*Data to use:*
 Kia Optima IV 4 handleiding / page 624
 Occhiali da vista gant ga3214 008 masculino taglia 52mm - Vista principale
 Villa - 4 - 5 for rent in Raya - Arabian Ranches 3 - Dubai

---

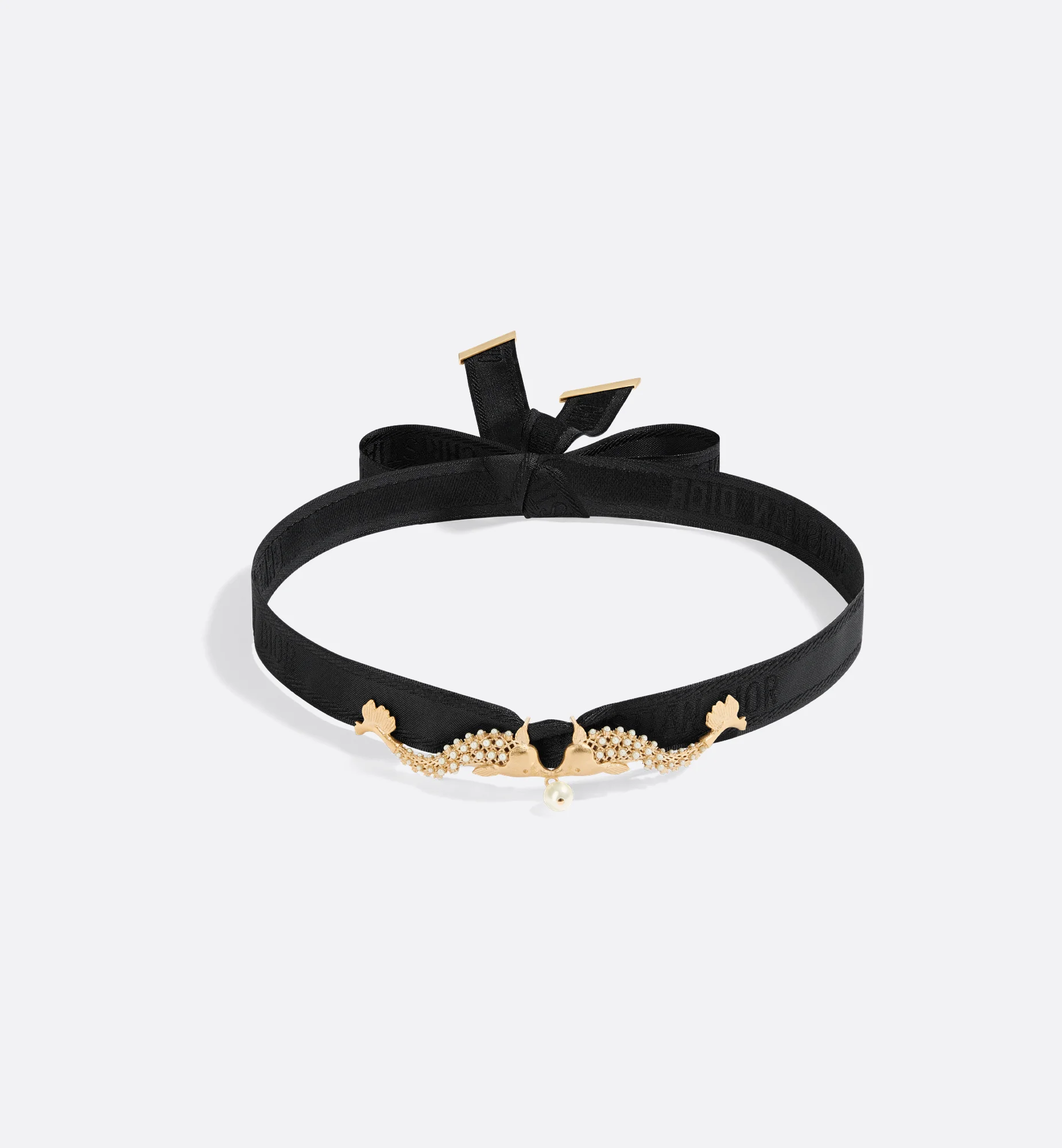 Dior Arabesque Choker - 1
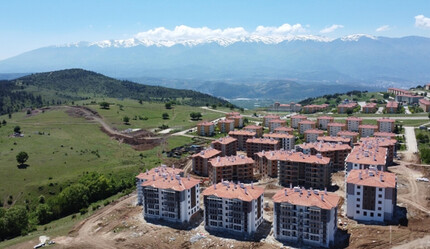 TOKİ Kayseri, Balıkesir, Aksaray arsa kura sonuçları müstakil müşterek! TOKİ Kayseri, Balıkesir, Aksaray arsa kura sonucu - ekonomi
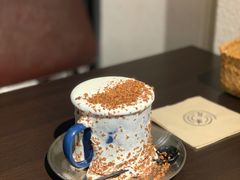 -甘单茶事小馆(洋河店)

*Activity:* Set the pictures aside and transcribe exactly the stretch of lines above, beginning with the one holding "Dior Arabesque Choker - 1" and ending with the one holding "-甘单茶事小馆(洋河店)".

*Result below:*
 Dior Arabesque Choker - 1
 TOKİ Kayseri, Balıkesir, Aksaray arsa kura sonuçları müstakil müşterek! TOKİ Kayseri, Balıkesir, Aksaray arsa kura sonucu - ekonomi
 -甘单茶事小馆(洋河店)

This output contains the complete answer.